There are two main theories that describe the pathogenesis of an OCL. One theory suggests that they develop independently from multipotent, undifferentiated mesenchymal stem cells [10]. The second theory states that OCLs may arise from a metaplastic process in a pre-existing lipoma or chondrolipoma, or possibly from fibrocyte metaplasia [10-11]. Many other hypotheses remain; but, the pathogenesis of OCLs still remains uncertain.

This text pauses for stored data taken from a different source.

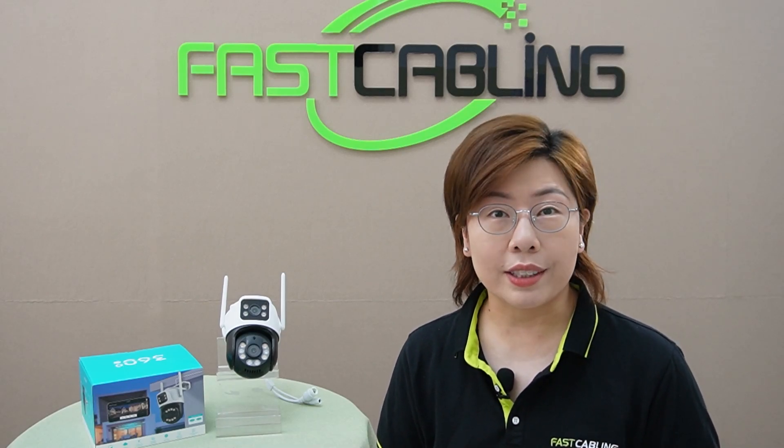Hi, and welcome back to FastCabling, where we dive deep into the latest and greatest in technology. Today in this video, we are focusing on an incredibly versatile piece of tech, the dual lens camera.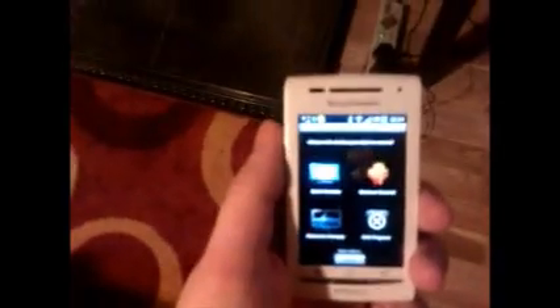My final year project is a universal remote control using your Android phone, so you can control the TV.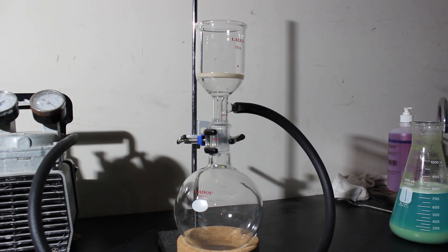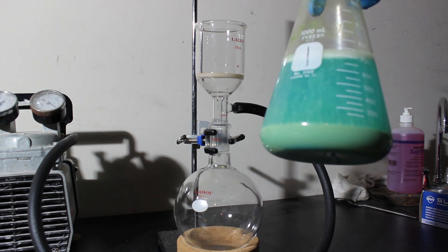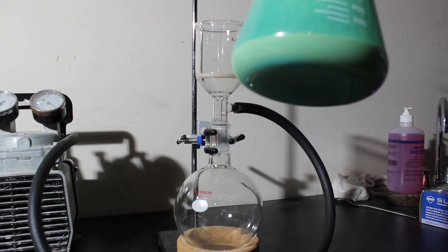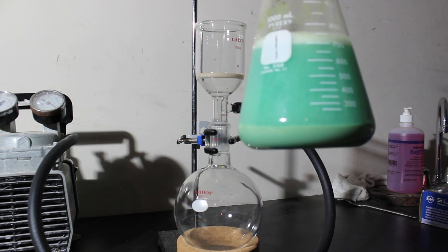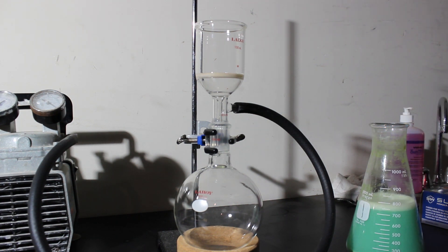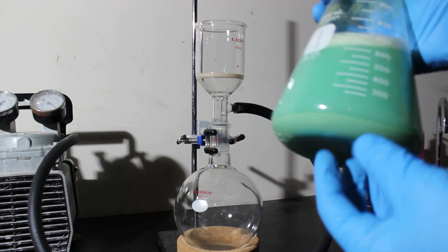I believe the reaction is complete. I'm still getting a little bit of CO2 evolution out of the liquid so I'll have to let it sit for a while. As you can see, the majority of the precipitate has collected at the bottom of the flask, which is ideal. I'm going to keep agitating this to make sure it's completely done reacting.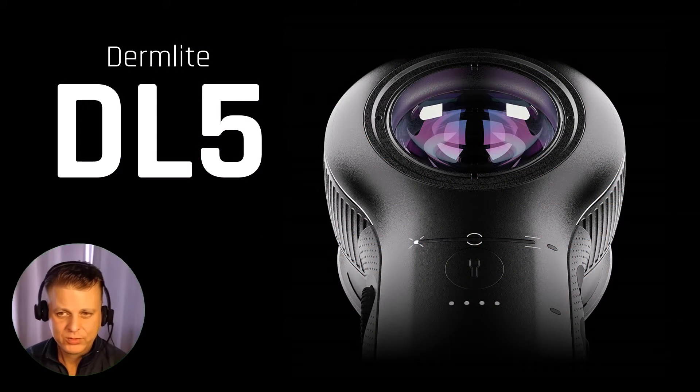As I'm sure everyone now knows, the DermLight DL5 has been released and is available for purchase. And really with anything that's new, whether it be dermatoscopes or cars or whatever, the question is always: what's different? What's new and different about it? What does it offer that others don't?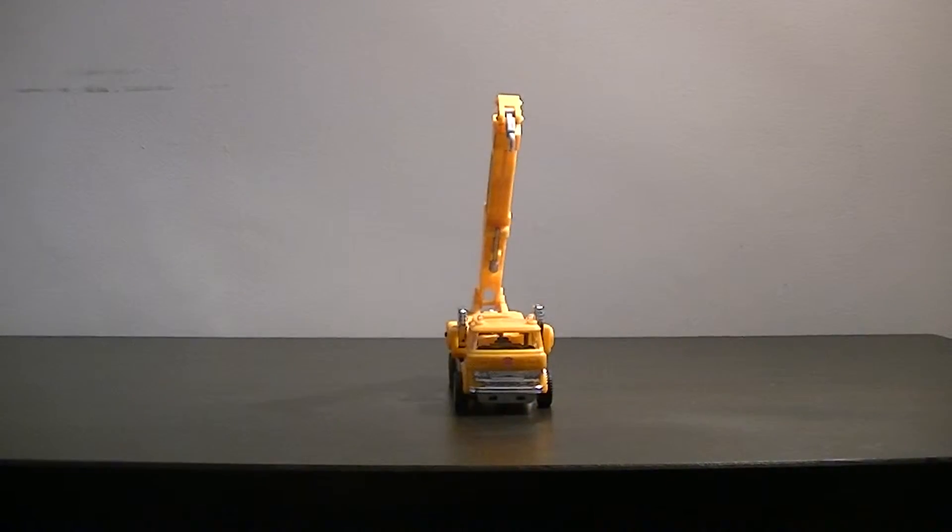In terms of transformation, Grapple is quite simple to transform, much like Inferno, in that a lot of the time and effort is spent making a good-looking truck, less so on the actual figure.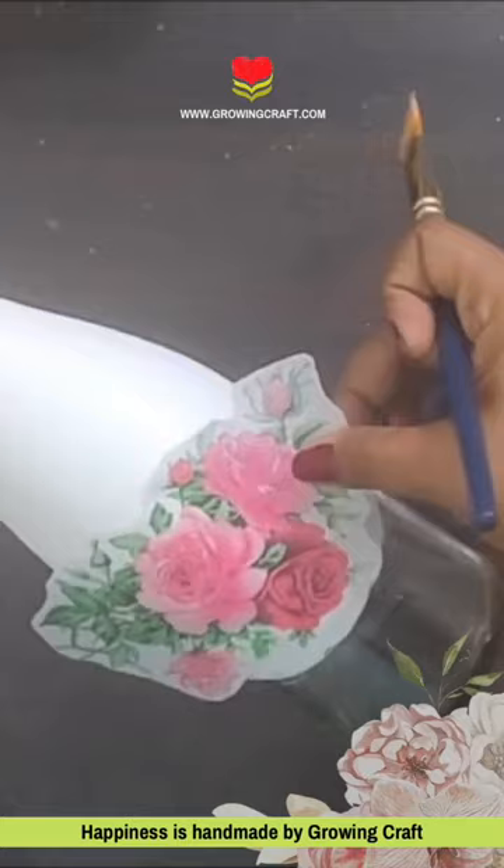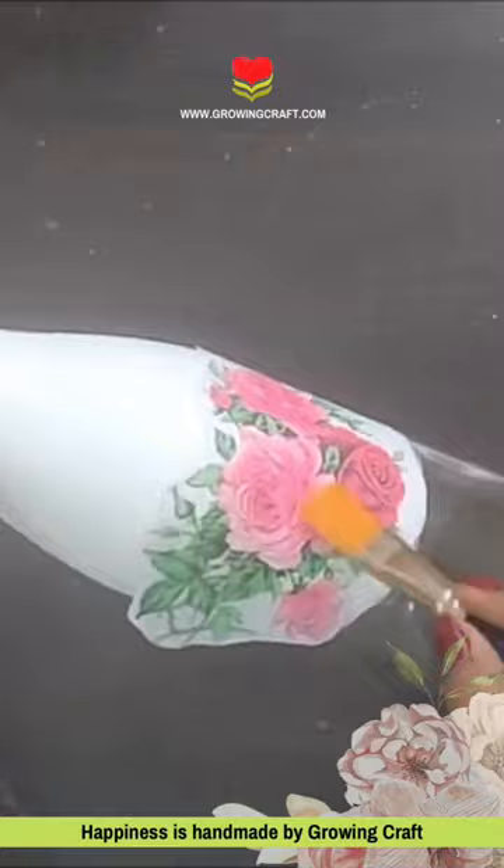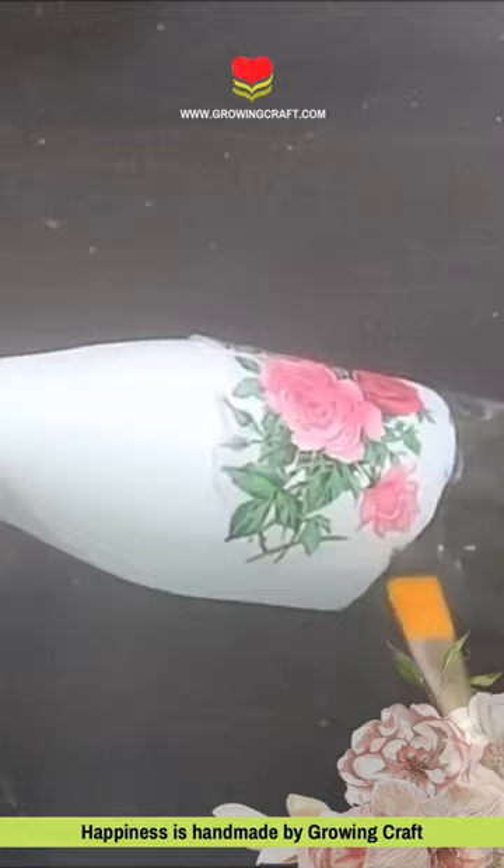Now, we will stick our deco pouch. Do not miss out the huge collection on our website. You have to use your deco pouch glue and mod pouch. Which supplies are used, we have put in our video description box.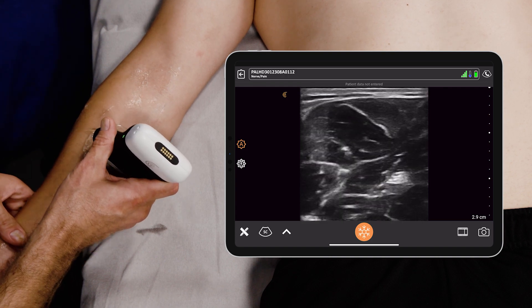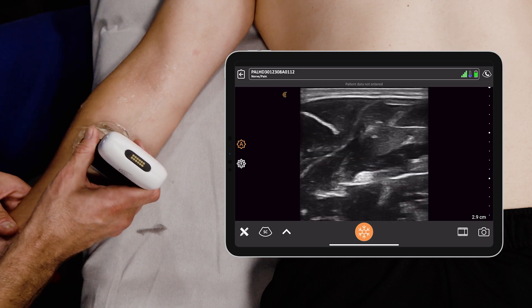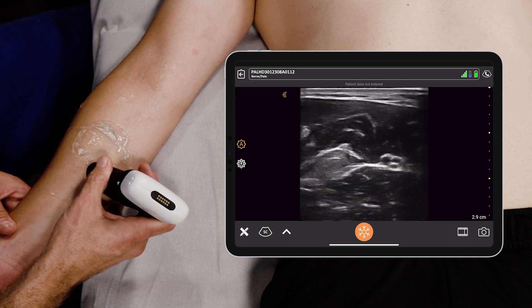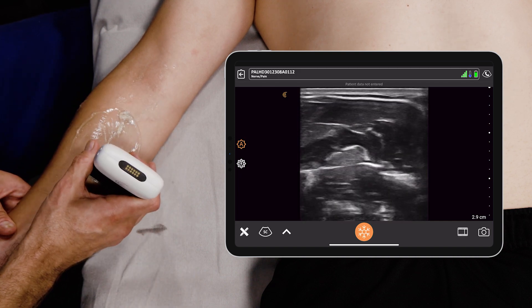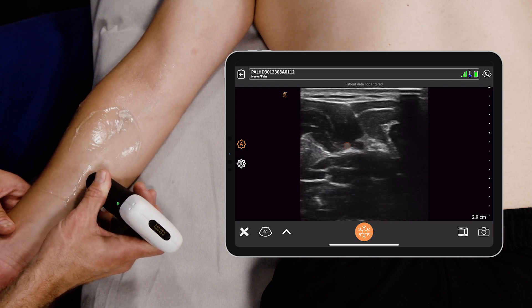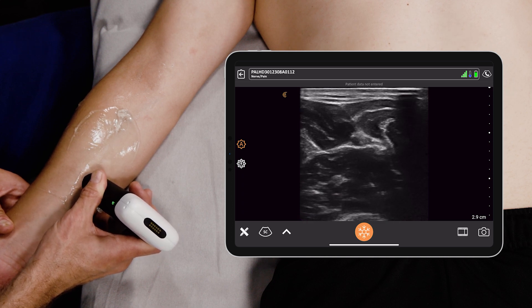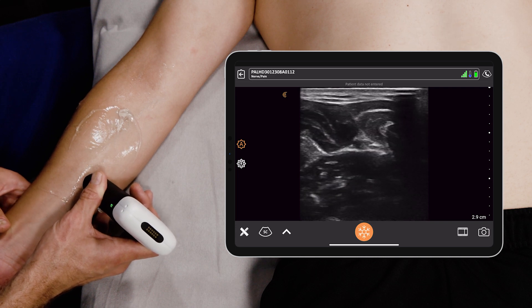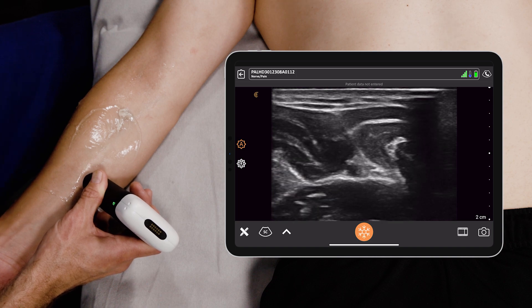I sometimes rotate the forearm over, and what I'm looking for — to be honest — is not the ulnar nerve directly, but I'm actually looking for the ulnar artery, which you're seeing right here. An artery is pulsatile and non-compressible, which we're seeing here. I'm going to improve our depth to look closer.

Lipomas or chondrolipomas are often reported in breast tissue6 and are usually treated with simple excision. Of the different types of lipomas, namely intramuscular, superficial and deep seated, the deep-seated intramuscular lipomas may have the potential for malignancy hence surgical management is often appropriate. [12- 13] In this case we present a 57-year-old female with a chest wall mass undetected on mammogram and breast ultrasound but clearly identified on clinical examination and seen on CT (Figure 1A) of the chest, performed for other reasons. Following total excisional biopsy and a pathology report, an osteochondrolipoma was identified. Histological images show the three different types of mesenchymal tissue in the specimen (Figure 1B-D), adipose, cartilage and bone. OCL is a variant of lipoma with only one other reported case seen in the chest wall of a male. [3] Our case presents a unique deep-seated OCL attached to the intercostal muscle in the chest wall of a female, unlike the superficial subcutaneous tumor found in the chest wall previously identified in Gru et al.

cytology-histology-scan

Figure 1: (A). Computed Tomographic scan shows smooth mass of partial calcification with fat attenuation at the anterolateral left chest wall embedded in the intercostal muscle. (B). A mixture of chondroid tissue with bone formation (40x H&E). (C). Segments of lamellar bone embedded in adipose tissue (2x H&E). (D). Osteochondrolipoma, mass showing adipose, chondroid tissue and lamellar bone formation (2x H&E).

Conclusion

In summary, osteochondrolipomas are rare variants of lipomas often found in the head and neck region but can be found anywhere in the body. Here we show the presence of a deep-seated OCL palpable on clinical breast exam. OCLs should be considered in the differential diagnosis for a well-defined calcified or ossified subcutaneous mass in the breast or chest wall.